DIRECTIONS FOR THIS TASK = Set the listing down again exactly, please, apart from its pictures.

━━ RECORDS FOR THE TASK

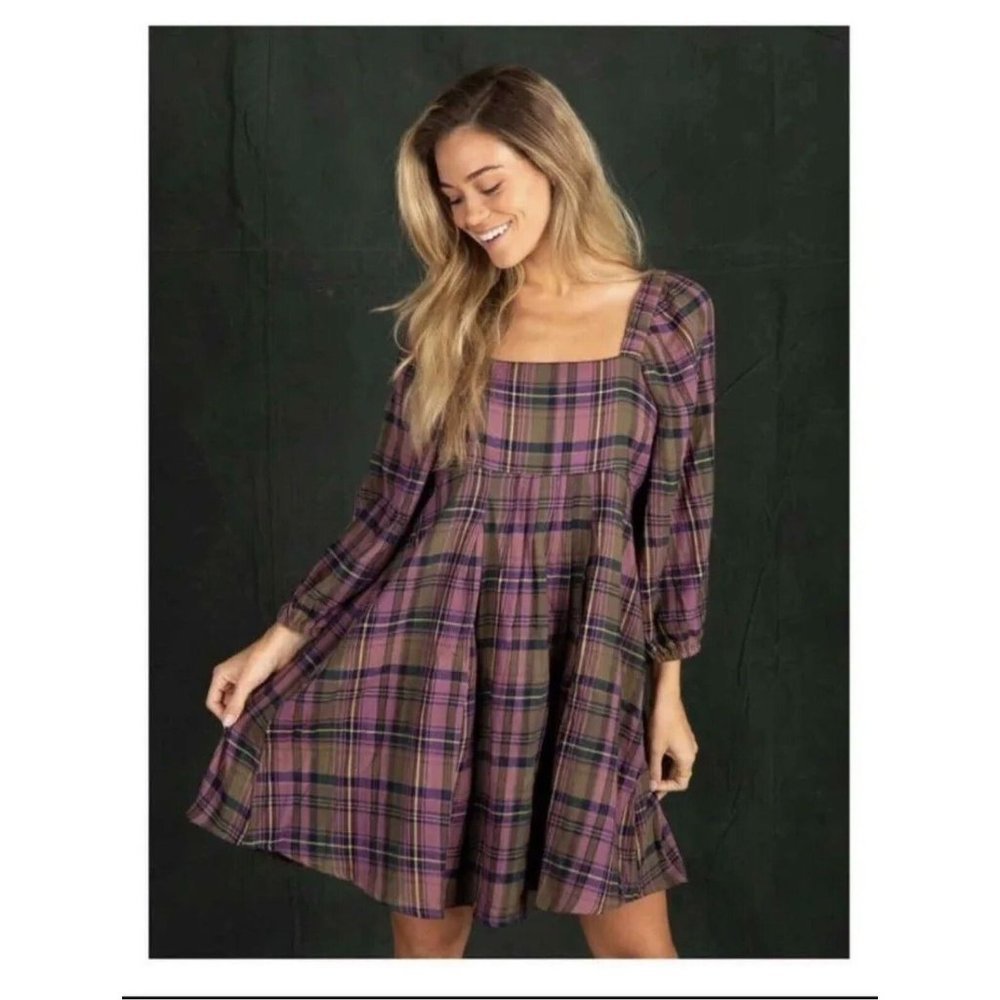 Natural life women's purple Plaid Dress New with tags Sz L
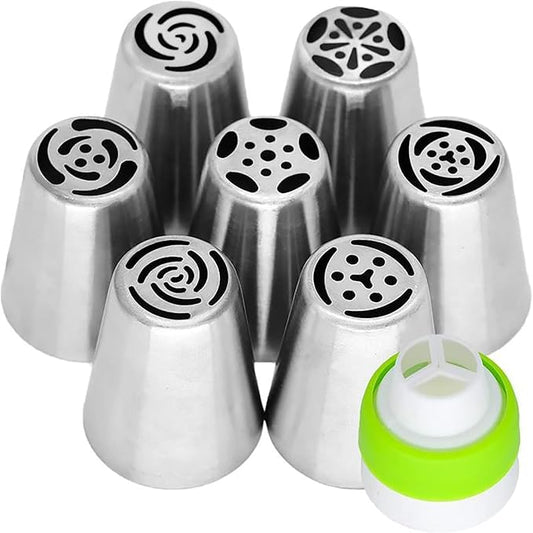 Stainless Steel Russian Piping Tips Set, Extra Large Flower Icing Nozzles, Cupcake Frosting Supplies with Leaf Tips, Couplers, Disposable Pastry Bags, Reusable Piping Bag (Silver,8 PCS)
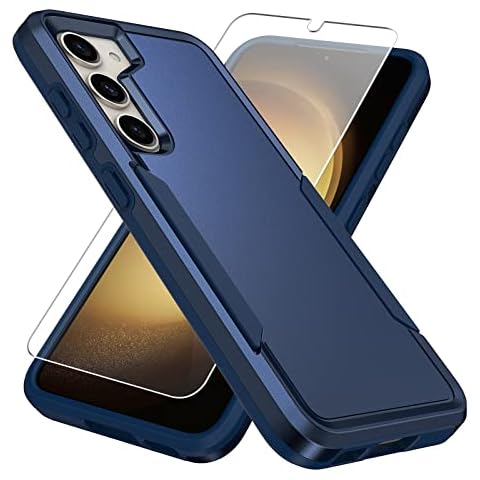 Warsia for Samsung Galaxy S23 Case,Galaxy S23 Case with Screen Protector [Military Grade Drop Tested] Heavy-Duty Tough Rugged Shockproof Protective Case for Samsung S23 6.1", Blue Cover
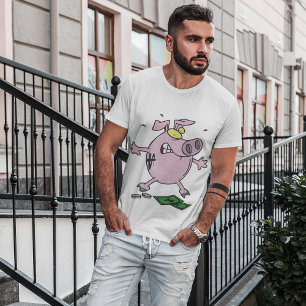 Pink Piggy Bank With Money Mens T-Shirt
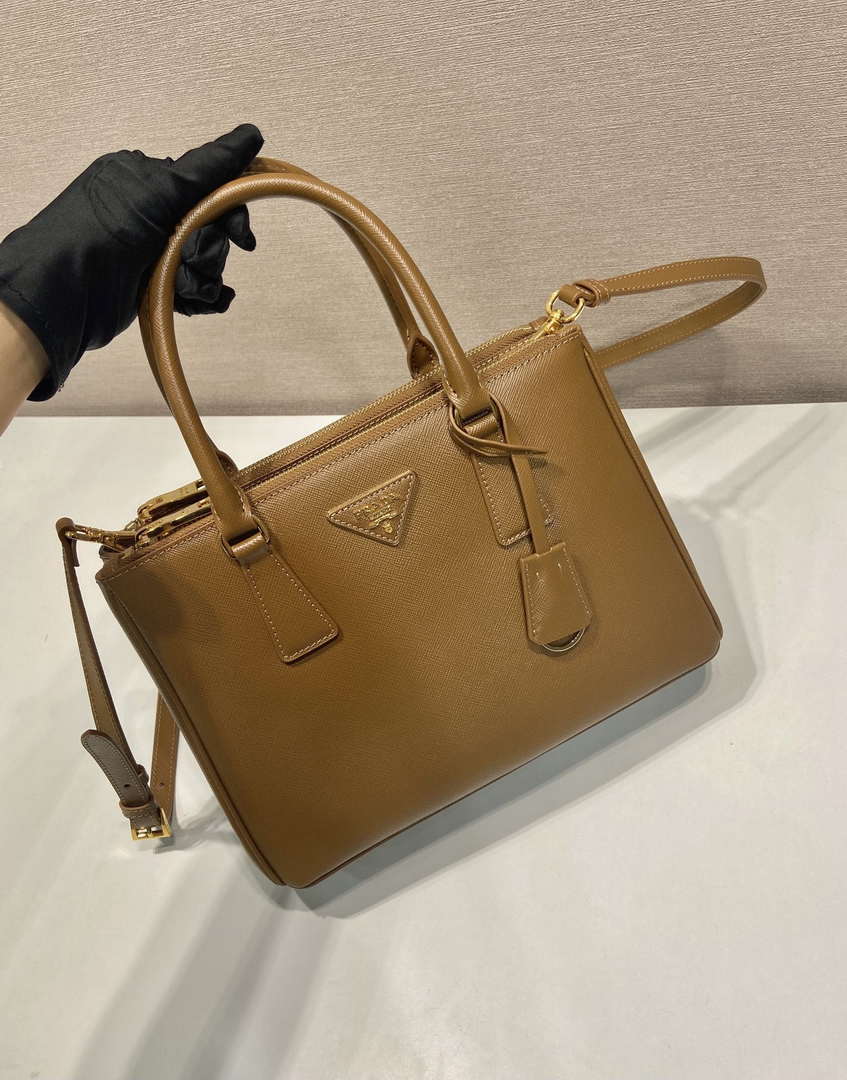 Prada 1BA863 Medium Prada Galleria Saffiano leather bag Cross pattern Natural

━━━━

EXPECTED OUTPUT =
 Natural life women's purple Plaid Dress New with tags Sz L
 Stainless Steel Russian Piping Tips Set, Extra Large Flower Icing Nozzles, Cupcake Frosting Supplies with Leaf Tips, Couplers, Disposable Pastry Bags, Reusable Piping Bag (Silver,8 PCS)
 Warsia for Samsung Galaxy S23 Case,Galaxy S23 Case with Screen Protector [Military Grade Drop Tested] Heavy-Duty Tough Rugged Shockproof Protective Case for Samsung S23 6.1", Blue Cover
 Pink Piggy Bank With Money Mens T-Shirt
 Prada 1BA863 Medium Prada Galleria Saffiano leather bag Cross pattern Natural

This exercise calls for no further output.